__Task to carry out__. Reproduce the records starting at the line that contains "2 bedroom flat" and running to the last line, exactly and in full.

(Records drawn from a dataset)
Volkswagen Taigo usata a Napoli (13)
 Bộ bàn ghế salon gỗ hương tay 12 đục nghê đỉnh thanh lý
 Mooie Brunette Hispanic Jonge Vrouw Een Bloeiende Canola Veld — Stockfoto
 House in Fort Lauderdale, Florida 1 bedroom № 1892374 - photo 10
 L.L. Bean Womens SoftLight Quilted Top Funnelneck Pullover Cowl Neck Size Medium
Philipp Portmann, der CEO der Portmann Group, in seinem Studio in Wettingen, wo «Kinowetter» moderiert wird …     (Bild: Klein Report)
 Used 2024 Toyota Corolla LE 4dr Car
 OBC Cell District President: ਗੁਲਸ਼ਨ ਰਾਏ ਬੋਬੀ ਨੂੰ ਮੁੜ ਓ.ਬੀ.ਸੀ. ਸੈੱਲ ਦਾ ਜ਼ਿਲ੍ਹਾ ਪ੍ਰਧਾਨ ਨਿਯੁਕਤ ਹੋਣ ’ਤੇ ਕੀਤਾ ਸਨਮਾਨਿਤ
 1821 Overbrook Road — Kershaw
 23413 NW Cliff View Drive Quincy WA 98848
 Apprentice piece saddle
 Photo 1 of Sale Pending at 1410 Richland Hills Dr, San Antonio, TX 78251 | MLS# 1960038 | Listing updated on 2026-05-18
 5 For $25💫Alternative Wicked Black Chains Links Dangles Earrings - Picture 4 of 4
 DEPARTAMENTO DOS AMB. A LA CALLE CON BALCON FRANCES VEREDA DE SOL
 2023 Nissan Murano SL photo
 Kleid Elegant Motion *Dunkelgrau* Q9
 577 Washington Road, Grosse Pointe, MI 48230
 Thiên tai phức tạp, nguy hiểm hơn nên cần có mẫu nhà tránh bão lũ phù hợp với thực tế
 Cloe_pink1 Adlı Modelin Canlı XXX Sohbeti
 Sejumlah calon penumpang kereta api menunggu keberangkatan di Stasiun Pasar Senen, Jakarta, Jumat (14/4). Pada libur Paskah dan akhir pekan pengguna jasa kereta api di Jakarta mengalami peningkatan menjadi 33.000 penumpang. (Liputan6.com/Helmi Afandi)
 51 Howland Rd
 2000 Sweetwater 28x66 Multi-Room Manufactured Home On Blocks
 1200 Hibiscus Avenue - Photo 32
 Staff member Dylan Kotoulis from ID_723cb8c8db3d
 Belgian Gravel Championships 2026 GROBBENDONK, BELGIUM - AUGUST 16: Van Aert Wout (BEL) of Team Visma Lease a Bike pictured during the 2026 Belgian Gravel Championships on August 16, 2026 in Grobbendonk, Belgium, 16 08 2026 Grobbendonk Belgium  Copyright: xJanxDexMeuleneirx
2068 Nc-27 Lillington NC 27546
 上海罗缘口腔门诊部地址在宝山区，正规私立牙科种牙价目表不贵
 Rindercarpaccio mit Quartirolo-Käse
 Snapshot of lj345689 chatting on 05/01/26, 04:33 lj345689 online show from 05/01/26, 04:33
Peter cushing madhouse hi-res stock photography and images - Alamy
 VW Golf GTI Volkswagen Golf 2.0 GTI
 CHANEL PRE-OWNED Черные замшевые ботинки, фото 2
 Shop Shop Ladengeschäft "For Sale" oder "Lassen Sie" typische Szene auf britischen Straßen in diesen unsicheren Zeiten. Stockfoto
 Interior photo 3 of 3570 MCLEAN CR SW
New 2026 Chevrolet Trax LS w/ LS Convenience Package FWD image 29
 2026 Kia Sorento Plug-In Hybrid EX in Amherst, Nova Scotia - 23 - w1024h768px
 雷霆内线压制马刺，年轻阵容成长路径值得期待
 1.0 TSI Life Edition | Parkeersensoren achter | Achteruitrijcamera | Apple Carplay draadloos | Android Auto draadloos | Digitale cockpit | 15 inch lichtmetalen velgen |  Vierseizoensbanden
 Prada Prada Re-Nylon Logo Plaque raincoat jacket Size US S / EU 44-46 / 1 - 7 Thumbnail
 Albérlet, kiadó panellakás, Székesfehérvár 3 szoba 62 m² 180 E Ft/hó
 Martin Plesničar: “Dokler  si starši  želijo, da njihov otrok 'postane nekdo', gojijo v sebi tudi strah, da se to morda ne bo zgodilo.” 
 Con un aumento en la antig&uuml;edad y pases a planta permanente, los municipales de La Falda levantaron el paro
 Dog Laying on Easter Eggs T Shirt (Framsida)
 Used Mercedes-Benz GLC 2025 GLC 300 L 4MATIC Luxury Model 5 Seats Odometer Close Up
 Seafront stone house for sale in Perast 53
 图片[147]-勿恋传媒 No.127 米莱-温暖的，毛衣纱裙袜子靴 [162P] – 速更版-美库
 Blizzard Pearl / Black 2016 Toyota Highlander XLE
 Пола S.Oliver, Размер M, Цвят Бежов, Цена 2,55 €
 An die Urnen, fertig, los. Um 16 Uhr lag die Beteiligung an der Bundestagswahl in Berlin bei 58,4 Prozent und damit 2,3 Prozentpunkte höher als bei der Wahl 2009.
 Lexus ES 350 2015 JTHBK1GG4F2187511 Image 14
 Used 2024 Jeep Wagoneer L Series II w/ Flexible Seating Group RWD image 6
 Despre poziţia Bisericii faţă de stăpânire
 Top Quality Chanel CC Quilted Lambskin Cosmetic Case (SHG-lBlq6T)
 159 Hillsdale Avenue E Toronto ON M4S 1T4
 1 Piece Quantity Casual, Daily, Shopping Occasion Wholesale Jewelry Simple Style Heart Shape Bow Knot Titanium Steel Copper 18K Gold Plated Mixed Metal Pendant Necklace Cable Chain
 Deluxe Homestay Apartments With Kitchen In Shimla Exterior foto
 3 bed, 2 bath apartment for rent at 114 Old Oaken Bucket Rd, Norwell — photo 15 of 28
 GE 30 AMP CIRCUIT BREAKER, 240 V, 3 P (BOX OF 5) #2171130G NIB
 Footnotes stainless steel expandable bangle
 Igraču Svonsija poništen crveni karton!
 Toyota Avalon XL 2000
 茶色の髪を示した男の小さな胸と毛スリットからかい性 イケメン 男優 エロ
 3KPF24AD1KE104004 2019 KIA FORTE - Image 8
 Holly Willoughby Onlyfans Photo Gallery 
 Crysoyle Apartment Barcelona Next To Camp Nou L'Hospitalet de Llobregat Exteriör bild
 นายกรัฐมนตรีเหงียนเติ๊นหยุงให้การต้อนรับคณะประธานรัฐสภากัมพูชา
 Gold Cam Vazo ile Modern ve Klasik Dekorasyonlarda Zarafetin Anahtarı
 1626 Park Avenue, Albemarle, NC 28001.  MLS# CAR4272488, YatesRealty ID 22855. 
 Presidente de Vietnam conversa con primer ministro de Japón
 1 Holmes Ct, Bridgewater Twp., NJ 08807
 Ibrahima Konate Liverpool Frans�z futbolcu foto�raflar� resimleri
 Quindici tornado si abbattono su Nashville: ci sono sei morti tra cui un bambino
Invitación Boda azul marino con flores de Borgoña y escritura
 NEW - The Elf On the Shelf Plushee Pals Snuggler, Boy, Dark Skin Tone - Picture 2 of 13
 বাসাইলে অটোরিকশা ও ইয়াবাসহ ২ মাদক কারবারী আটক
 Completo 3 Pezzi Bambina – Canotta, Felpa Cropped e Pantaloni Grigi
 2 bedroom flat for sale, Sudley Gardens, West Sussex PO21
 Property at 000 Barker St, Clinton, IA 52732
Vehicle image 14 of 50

__Solution to the exercise__.
 2 bedroom flat for sale, Sudley Gardens, West Sussex PO21
 Property at 000 Barker St, Clinton, IA 52732
Vehicle image 14 of 50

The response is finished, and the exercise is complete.